Hear the word of Jehovah, sons of Israel![495] Jehovah hath a quarrel with the inhabitants of the land, for there is no troth nor leal love nor knowledge of God in the land. Perjury[496] and murder and theft and adultery![497] They break out, and blood strikes upon blood.
That stable and well-furnished life, across which, while it was still noon, Amos hurled his alarms—how quickly it has broken up! If there be still ease in Zion, there is no more security in Samaria.[498] The great Jeroboam is dead, and society, which in the East depends so much on the individual, is loose and falling to pieces. The sins which are exposed by Amos were those that lurked beneath a still strong government, but Hosea adds outbreaks which set all order at defiance. Later we shall find him describing housebreaking, highway robbery and assassination. Therefore doth the land wither, and every one of her denizens languisheth, even to the beast of the field and the fowl of the heaven; yea, even the fish of the sea are swept up in the universal sickness of man and nature: for Hosea feels, like Amos, the liability of nature to the curse upon sin.
Yet the guilt is not that of the whole people, but of their religious guides. Let none find fault and none upbraid, for My people are but as their priestlings.[499] O Priest, thou hast stumbled to-day: and stumble to-night shall the prophet with thee. One order of the nation's ministers goes staggering after the other! And I will destroy thy Mother, presumably the Nation herself. Perished are My people for lack of knowledge. But how? By the sin of their teachers. Because thou, O Priest, hast rejected knowledge, I reject thee from being priest to Me; and as thou hast forgotten the Torah of thy God, I forget thy children[500]—I on My side. As many as they be, so many have sinned against Me. Every jack-priest of them is culpable. They have turned[501] their glory into shame. They feed on the sin of My people, and to the guilt of these lift up their appetite! The more the people sin, the more merrily thrive the priests by fines and sin-offerings. They live upon the vice of the day, and have a vested interest in its crimes. English Langland said the same thing of the friars of his time. The contention is obvious. The priests have given themselves wholly to the ritual; they have forgotten that their office is an intellectual and moral one. We shall return to this when treating of Hosea's doctrine of knowledge and its responsibilities. Priesthood, let us only remember, priesthood is an intellectual trust.

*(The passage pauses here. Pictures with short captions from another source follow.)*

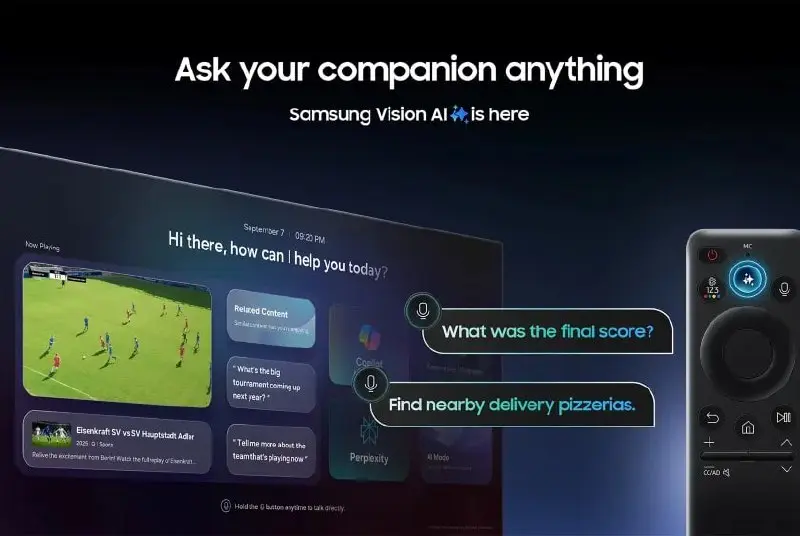 Samsung запустил на своих телевизорах 2025 года нового голосового помощника Vision AI Companion, основанного на генеративном ИИ | Сетка — социальная сеть от hh.ru
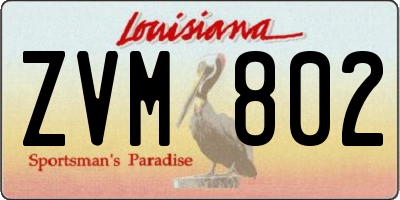 LA license plate ZVM802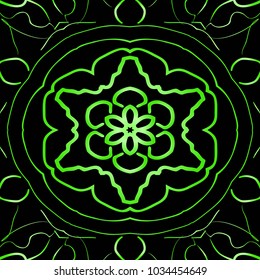 decorative floral lace ornament.Vector. texture for design, wallpaper, invitation card. Green, black color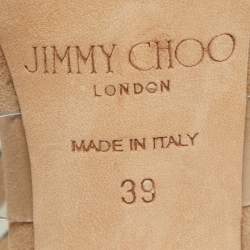 Jimmy Choo Beige Suede and PVC Dani Cut Out Sandals Size 39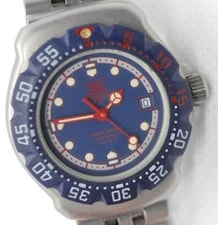 TAG Heuer Formula 1 370.508 Blue Dial Red Date Quartz Mid Swiss — Watch — resale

Thus it comes to be—like people like priest: they also have fallen under the ritual, doing from lust what the priests do from greed. But I will visit upon them their ways, and their deeds will I requite to them. For they—those shall eat and not be satisfied, these shall play the harlot and have no increase, because they have left off heeding Jehovah. This absorption in ritual at the expense of the moral and intellectual elements of religion has insensibly led them over into idolatry, with all its unchaste and drunken services. Harlotry, wine and new wine take away the brains![502] The result is seen in the stupidity with which they consult their stocks for guidance. My people! of its bit of wood it asketh counsel, and its staff telleth to it the oracle! For a spirit of harlotry hath led them astray, and they have played the harlot from their God. Upon the headlands of the hills they sacrifice, and on the heights offer incense, under oak or poplar or terebinth, for the shade of them is pleasant. On headlands, not summits, for here no trees grow; and the altar was generally built under a tree and near water on some promontory, from which the flight of birds or of clouds might be watched. Wherefore—because of this your frequenting of the heathen shrines—your daughters play the harlot and your daughters-in-law commit adultery. I will not come with punishment upon your daughters because they play the harlot, nor upon your daughters-in-law because they commit adultery. Why? For they themselves, the fathers of Israel—or does he still mean the priests?—go aside with the harlots and sacrifice with the common women of the shrines! It is vain for the men of a nation to practise impurity, and fancy that nevertheless they can keep their womankind chaste. So the stupid people fall to ruin!